Correlation of immunostaining results with histopathologic tumor characteristics revealed that down-regulation of the α6 integrin expression at the tumor invasion front, compared to the generally strong α6 expression (+++) along the basement membrane in normal EM (as shown above), was associated with a poor histopathologic tumor grading (G3). While 11 (39%) of the 28 well to moderately differentiated tumors (G1–2) tumors exhibited a decreased α6 expression, six (75%) of the eight tumors with a poor differentiation (G3) showed a weak or moderate expression (+/++) at the stromal surface of the basal tumor cells (p = 0.083).
In addition, there was a significant correlation between the enhanced expression of β1 at the tumor invasion front and the absence of regional lymph node metastasis. Seven (54%) of the 13 pN0 patients had an enhanced β1 expression at the invasion front of their tumors compared to only two (12%) of 17 of the pN1 patients (p = 0.018).
Kaplan-Meier survival analysis revealed that a strong (+++) α6 expression at the invasion front of the tumor was positively correlated with a significantly prolonged postoperative survival (Fig. 3 and Supplementary Table S3). The median relapse-free survival of 15 patients whose tumors showed a strong staining of the α6 subunit at the invasion front was 75 months compared to 12 patients with a low or moderate α6 staining (+/++) whose median survival was 7 months (p = 0.001). The disease-specific survival and the overall survival of the 15 patients with strong α6 staining (+++) at the invasive tumor front was 75 months and 25 months when compared to the 12 patients with a low or moderate α6 staining (+/++) whose median survival was 10 months and 8 months, respectively (p = 0.005; p = 0.019).

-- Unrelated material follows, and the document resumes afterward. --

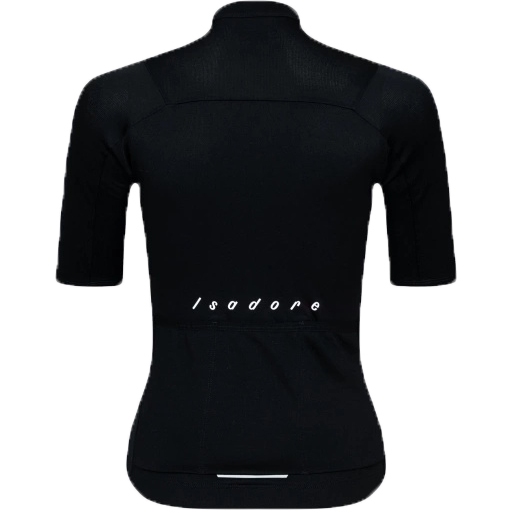 Isadore Debut Merino Jersey Women - Anthracite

Moreover, multivariate Cox regression analysis (Table 3) confirmed an independent prognostic influence of the α6 expression for relapse-free survival (p = 0.003), tumor-specific survival (p = 0.010), and overall survival (p = 0.028).

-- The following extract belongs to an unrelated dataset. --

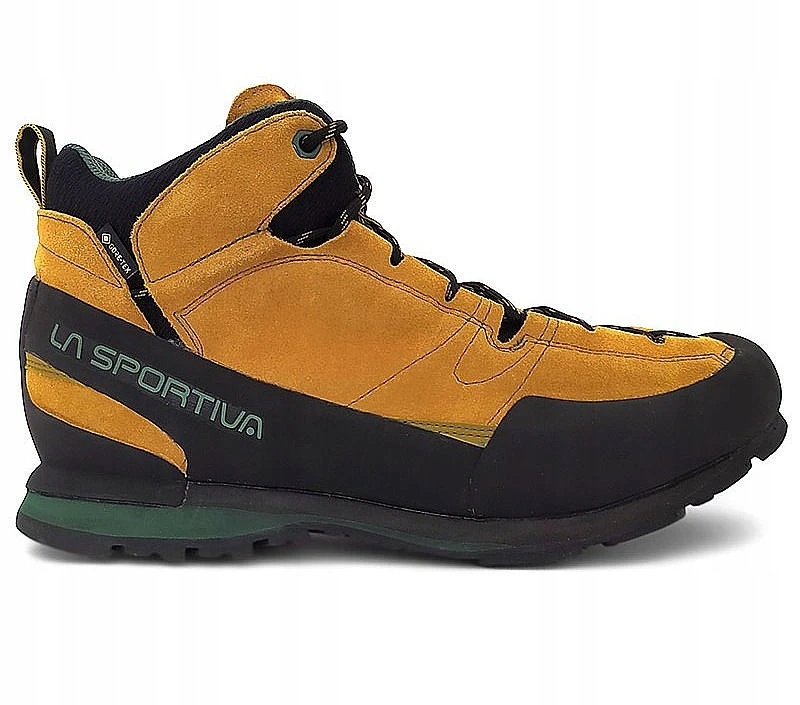 buty La Sportiva Boulder X Mid Gtx Savana/Alpine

Table 3. Multivariate survival analysis for relapse-free, disease-specific survival, and overall survival (*).
Parameter | RR | 95% CI | p-Value |
Relapse-free survival | |||
Depth infiltration of the primary tumor (pT) | |||
pT3–4 vs. pT1–2 | 1.36 | 0.46–4.04 | 0.657 |
Regional lymph nodes (pN) | |||
pN1 vs. pN0 | 1.63 | 0.48–5.56 | 0.434 |
Grading (G) | |||
G3 vs. G1–2 | 0.99 | 0.22–4.42 | 0.989 |
α6 integrin staining at the invasion front | |||
Down-regulation (+/++) vs. normal expression (+++) | 6.41 | 1.88–21.78 | 0.003 |
Tumor-specific survival | |||
Depth infiltration of the primary tumor (pT) | |||
pT3–4 vs. pT1–2 | 2.15 | 0.63–7.31 | 0.220 |
Regional lymph nodes (pN) | |||
pN1 vs. pN0 | 1.52 | 0.34–6.87 | 0.585 |
Grading (G) | |||
G3 vs. G1–2 | 0.95 | 0.18–4.80 | 0.953 |
α6 integrin staining at the invasion front | |||
Down-regulation (+/++) vs. normal expression (+++) | 5.11 | 1.47–17.81 | 0.010 |
Overall survival | |||
Depth infiltration of the primary tumor (pT) | |||
pT3–4 vs. pT1–2 | 1.75 | 0.65–4.70 | 0.271 |
Regional lymph nodes (pN) | |||
pN1 vs. pN0 | 1.23 | 0.41–3.67 | 0.717 |
Grading (G) | |||
G3 vs. G1–2 | 0.81 | 0.22–2.97 | 0.747 |
α6 integrin staining at the invasion front | |||
Down-regulation (+/++) vs. normal expression (+++) | 3.04 | 1.13–8.21 | 0.028 |
* RR = relative risk for death; CI = confidence interval. Univariate analysis was performed by Kaplan-Meier method and log-rank test (Mantel-Cox).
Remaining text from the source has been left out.